2012-2013 Year In Review – Standards Based Grading


This is the first in a series of posts about things I did with my classes this year.

When I made the decision last fall to commit to standards based grading, these were the main unknowns that hung at the back of my mind:

  • How would students respond to the change?
  • How would my own use of SBG change over the course of the year?
  • How would using SBG change the way I plan, teach, and assess?

These questions will all be answered as I reflect in this post.

What did I do?

In the beginning of the year, I used a purely binary system of SBG – were students proficient or not? If they were proficient, they had a 5/5. Not yet proficient students received a 0/5 for a given standard. All of these scores included a 5 point base grade to be able to implement this in PowerSchool.

As the semester went on, the possible proficiency levels changed to a 0, 2.5, or 5. This was in response to students making progress in developing their skills (and getting feedback on their progress through Blue Harvest but not seeing visible changes to their course grade. As much as I encouraged students not to worry about the grade, I also wanted to be able to show progress through the breakdown of each unit’s skills through PowerSchool.
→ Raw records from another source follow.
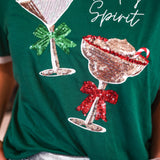 PREORDER- Holiday Spirit Sequin Embroidered Tee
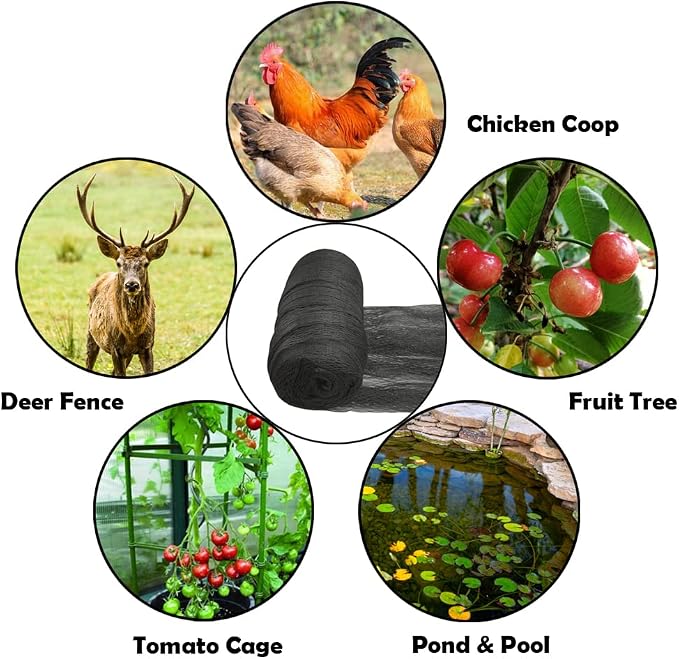 Meanchen Bird Netting 10x10 Ft, 1/2In Mesh Heavy Duty Garden Netting Pest Barrier for Plants, Vegetables, Extra Strong Woven Mesh Netting, Animal Fencing for Fruit Trees Against Birds, Deer, Poultry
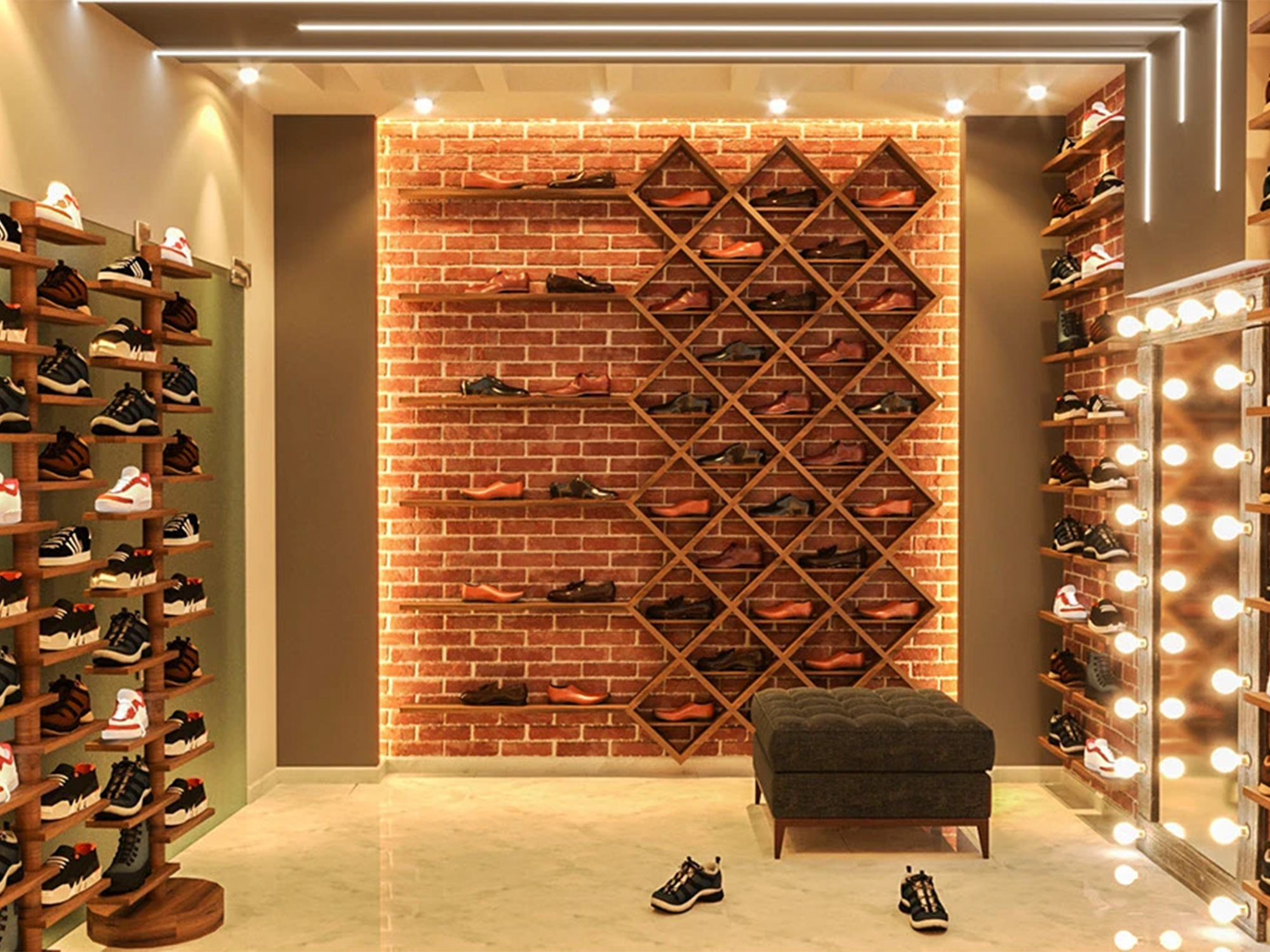 Thiết kế nội thất shop giày dép nhỏ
It served as a communication channel to both parents and the students on what they were learning, and I could see students feeling a bit unsatisfied by getting a few questions correct, but not getting marked as proficient yet. I also figured out that I needed to do more work defining what it meant to be proficient before I could really run a binary system.
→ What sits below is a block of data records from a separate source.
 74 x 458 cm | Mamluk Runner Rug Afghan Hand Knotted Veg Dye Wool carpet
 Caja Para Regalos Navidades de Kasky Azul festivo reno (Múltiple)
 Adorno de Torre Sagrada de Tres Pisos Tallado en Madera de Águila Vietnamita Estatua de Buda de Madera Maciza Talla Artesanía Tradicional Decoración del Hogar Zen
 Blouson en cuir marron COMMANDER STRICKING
By the start of the second semester, I used this scheme for the meaning of each proficiency score:

  • 1 – You’ve demonstrated basic awareness of the vocabulary and definitions of the standard. You aren’t able to solve problems from start to finish, even with help, but you can answer yes/no or true or false questions correctly about the ideas for this standard.
  • 2 – You can solve a problem from start to finish with your notes, another student, or your teacher reminding you what you need to do. You are not only able to identify the vocabulary or definitions for a given skill, but can substitute values and write equations that can be solved to find values for definitions. If you are unable to solve an equation related to this standard due to weak algebra skills, you won’t be moving on to the next level on this standard.
  • 3 – You can independently solve a question related to the standard without help from notes, other students, or the teacher. This score is what you receive when you do well on a quiz assessing a single standard. This score will also be the maximum you will receive on this standard if you consistently make arithmetic or algebraic errors on problems related to this standard.
  • 4 – You have shown you can apply concepts related to this standard on an in-class exam or in another situation where you must identify which concepts are involved in solving a problem. This compares to success on a quiz on which you know the standard being assessed. You can apply the content of a standard in a new context that you have not seen before. You can clearly explain your reasoning, but have some difficulty using precise mathematical language.
  • 5 – You have met or exceeded the maximum expectations for proficiency on this standard. You have completed a project of your own design, written a program, or made some other creative demonstration of your ability to apply this standard together with other standards of the unit. You are able to clearly explain your reasoning in the context of precise mathematical definitions and language.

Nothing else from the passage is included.